A perfect match to the number on the plate Uncle Ken had put into the door compartment. The next day I called CHP and scheduled a VIN review but it would be another 5 weeks before they could see us.


Sunday, August 25, 2013

Top Dead Center

After looking on the web, at Autozone, O'Reilly's and Napa I picked up a vacuum gauge for about $15 at Napa. The model there had the connectors, the hose and the gauge all together for about the same price as the other places. I had a Sears timing light from when I used to tune my MG ...

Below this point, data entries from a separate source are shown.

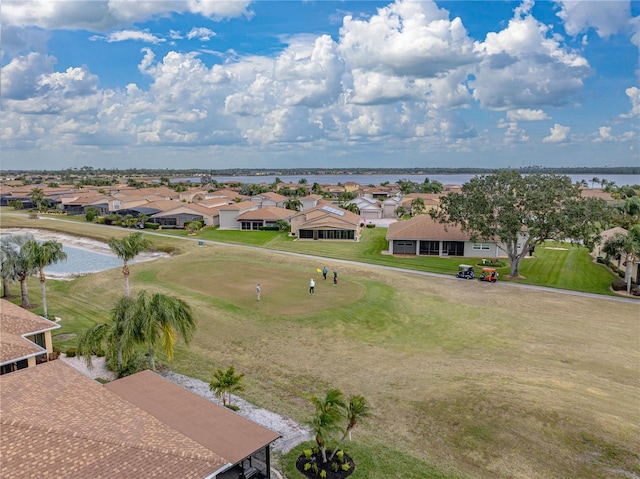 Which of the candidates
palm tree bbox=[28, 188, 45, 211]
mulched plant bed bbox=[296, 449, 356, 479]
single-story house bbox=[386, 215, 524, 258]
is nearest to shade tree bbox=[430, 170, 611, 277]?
single-story house bbox=[386, 215, 524, 258]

First I checked all the spark plug gaps and set them all to 035. We were using Auto-lite BF142 plugs (which run cooler than the BF42's specified by ford). Then I let Old Blue idle for about 10 minutes to warm her up.

My plan was to:
  1. Start by first warming the engine and note the idle vacuum reading. Normal vacuum at idle should be 19-21 inches for a six cylinder, or 15-18 inches on a low compression engine. 
  2. Pre-set the ignition timing so that it is close to the manufactures recommended setting of 8 degrees BTDC, before making any carb adjustments.
  3. Lean out one of the mixture screws (turn in) until the gauge as well as the engine begins to shudder. At that point, bring the screw back towards rich (turn out), while watching the gauge.Stop adjusting when the gauge reaches it's highest reading. Then do the same process for the other mixture screw. 
  4. After each adjustment is made, reset the idle speed.
I hooked up the vacuum gauge and with the idle set as low as I could set it, (I looked at the Tachometer in the cab and it was at about 700 rpm). I checked the idle mixture screws. Starting with both screws about 1 1/2 turns out, I read this will be on the lean side so all I need to do is open them a little more. As I opened the screws the vacuum gauge read higher and higher vacuum until it stops (about 19). Old Blues hits that point at 2 1/2 turns out. With that optimized I check idle speed again as a higher vacuum also means a higher idle speed so I set for 700 one last time.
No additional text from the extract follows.